[Opening RECORDS PROVIDED section]

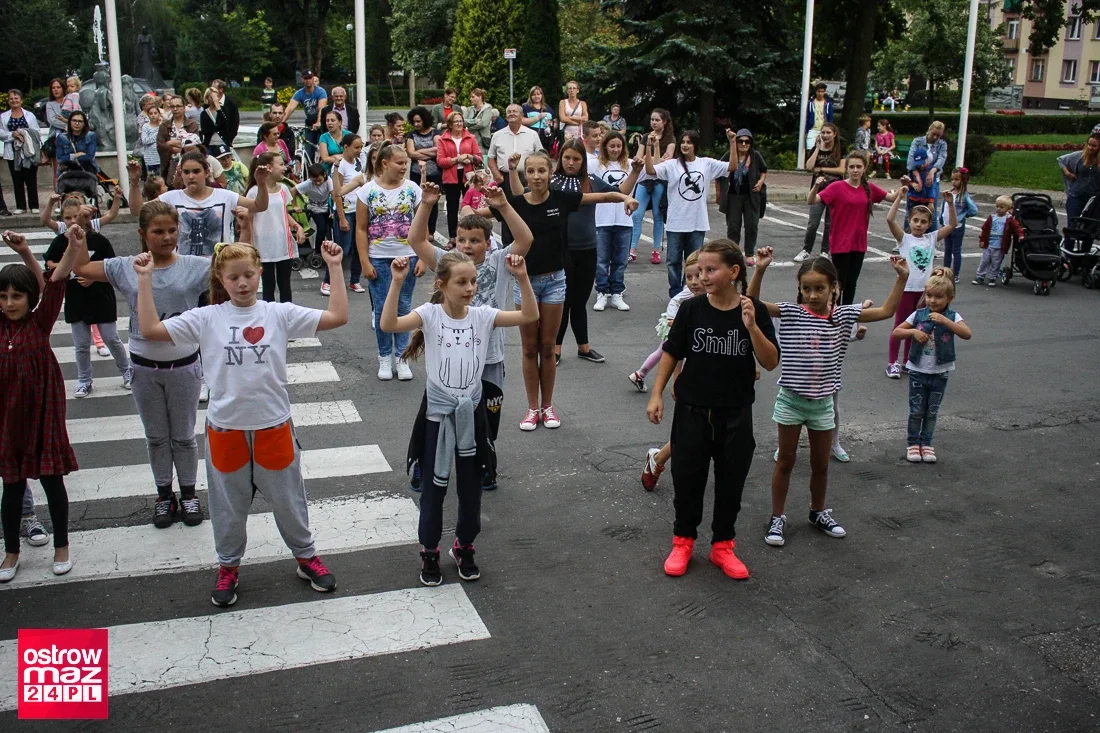 Tańczyli przed ratuszem (zdjęcia)
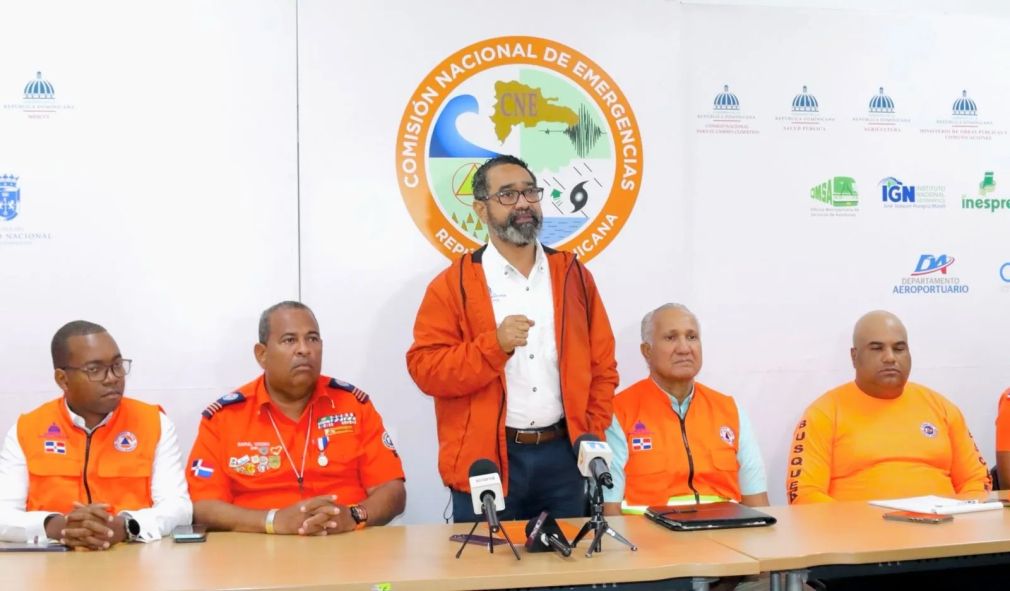 La Defensa Civil intensifica las acciones preventivas frente al inicio de la Temporada Ciclónica 2025.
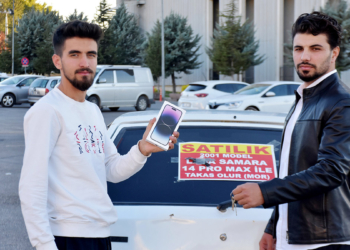 Otomobilini cep telefonu ile takas etti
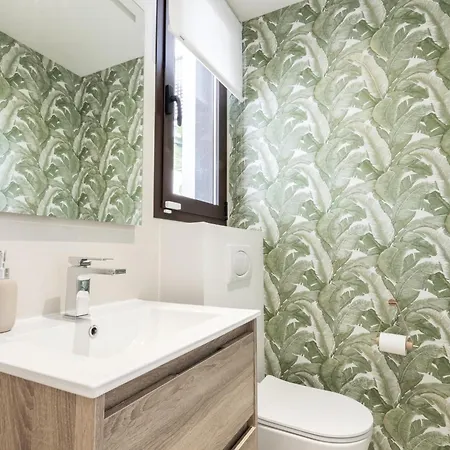 Mara's Higueron West - - Like A House With Private Graden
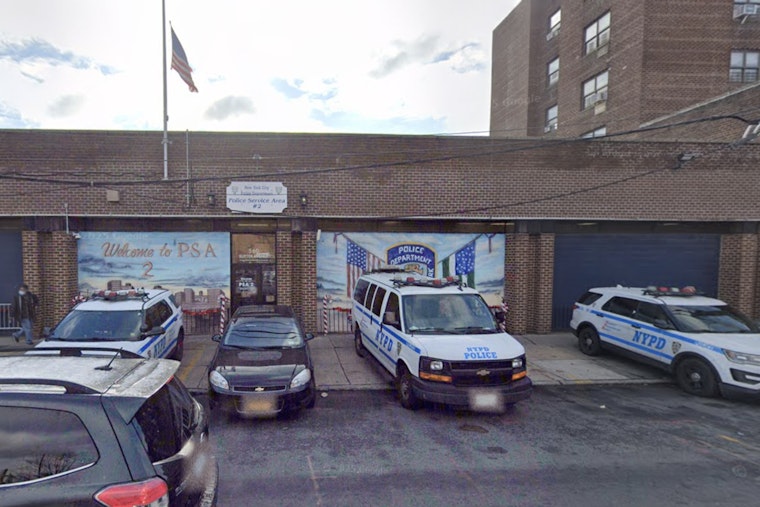 Hochul, Tisch Tour Brownsville Housing Cops as Tenants Demand Broken Doors Fixed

[Closing RECORDS PROVIDED section]

> TASK BRIEF
Would you give the records again exactly, dropping the pictures?

> FINISHED EXERCISE
 Tańczyli przed ratuszem (zdjęcia)
 La Defensa Civil intensifica las acciones preventivas frente al inicio de la Temporada Ciclónica 2025.
 Otomobilini cep telefonu ile takas etti
 Mara's Higueron West - - Like A House With Private Graden
 Hochul, Tisch Tour Brownsville Housing Cops as Tenants Demand Broken Doors Fixed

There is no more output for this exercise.